Тогда же произошел случай, казалось бы, касавшийся меня гораздо больше. Маме удалось где-то добыть индюшек, и по двору разгуливал очень важный индюк в сопровождении своих скромных спутниц и сереньких индюшат. Мальчишки, все те же, подучили меня дразнить индюка. Надо было кричать: «Индя, индя, красны сопли!». Я тут же решила попробовать, и результат не заставил себя ждать: индюк взъерошил перья, распустил хвост, раздулся, став величиной чуть ли не с меня. Красные части на голове и под клювом его напряглись и налились кровью. Он взлетел мне на голову и начал клевать в темя, сильно и больно. На мой оглушительный вопль прибежал папа, индюка скинули с моей глупой головы. Конечно, я никогда больше не дразнила индюков, но никакой царапины это вот приключение на душе не оставило. Совсем не так, как история с утенком и кошкой.

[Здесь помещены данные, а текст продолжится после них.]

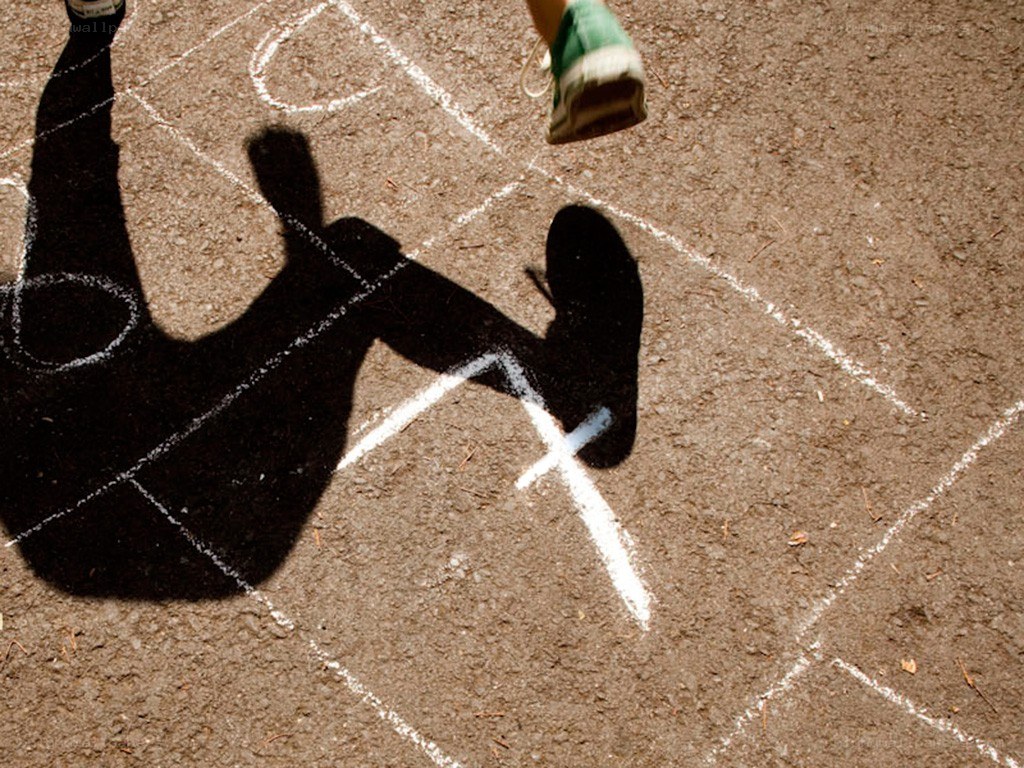 Child playing hopscotch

К тому времени я уже молилась на ночь, лежа в постельке, потихоньку от родителей. Никто не запретил бы мне молиться, и я не знаю, почему молитва эта была тайной. Вероятно, какое-то совсем иррациональное ощущение тишины и святости, не имевшее для ребенка объяснения, заставляло меня так поступать. Думаю, что я молилась за папу, за маму, но этого не помню, зато хорошо помню, что за моего погибшего утенка и за казненную кошку молилась несколько лет.

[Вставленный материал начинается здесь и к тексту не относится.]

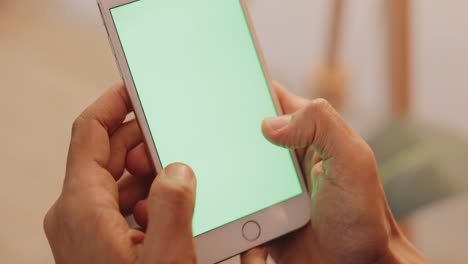 Man-checking-message-on-a-smartphone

Это детское по времени переживание, мне кажется, соединилось с тем отчаянием из-за «разбойничка» из няниной песни, над которым я так рыдала совсем маленькой. Так складывалась одна из черт характера — странная способность к сопереживанию, к отождествлению себя с тем, кому плохо, и настойчивое стремление изменить несчастную судьбу, исправить ее. Позже я не дочитывала книг с плохим концом, иногда зачеркивала такие концовки в книгах или изменяла на хорошие.
Глава 4
ВОЗВРАЩЕНИЕ
Мы вернулись в Москву к зиме 1920/21 года, то есть в Москву эпохи военного коммунизма. Но прежде чем писать об этом, я расскажу, что знаю о своих корнях. Знаю я немного — новая власть учила скрывать, не помнить, молчать о предках. Мой папа — Александр Петрович Бружес — был наполовину датчанин, наполовину литовец.